▶ _To do_:
Only the lines from the start of the data below through the line that contains "Going back to" are to be copied, exactly and without pictures.

▶ _Information shown_:
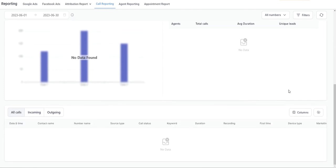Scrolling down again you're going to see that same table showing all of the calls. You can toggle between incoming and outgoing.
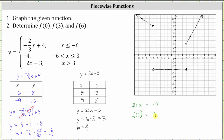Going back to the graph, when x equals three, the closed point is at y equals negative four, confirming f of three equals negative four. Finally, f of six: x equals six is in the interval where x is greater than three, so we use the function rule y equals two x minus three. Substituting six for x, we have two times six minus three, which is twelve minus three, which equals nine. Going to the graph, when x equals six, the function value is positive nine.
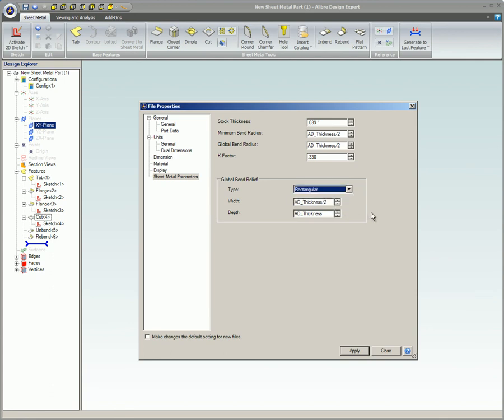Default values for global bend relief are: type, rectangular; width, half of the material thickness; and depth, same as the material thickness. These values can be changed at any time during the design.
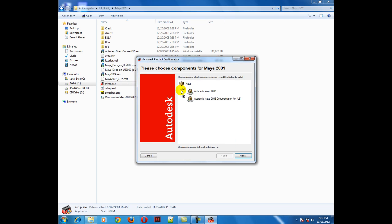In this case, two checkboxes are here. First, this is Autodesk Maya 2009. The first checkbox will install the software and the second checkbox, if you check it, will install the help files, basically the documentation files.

▶ _Output for this task_:
Scrolling down again you're going to see that same table showing all of the calls. You can toggle between incoming and outgoing.
Going back to the graph, when x equals three, the closed point is at y equals negative four, confirming f of three equals negative four. Finally, f of six: x equals six is in the interval where x is greater than three, so we use the function rule y equals two x minus three. Substituting six for x, we have two times six minus three, which is twelve minus three, which equals nine. Going to the graph, when x equals six, the function value is positive nine.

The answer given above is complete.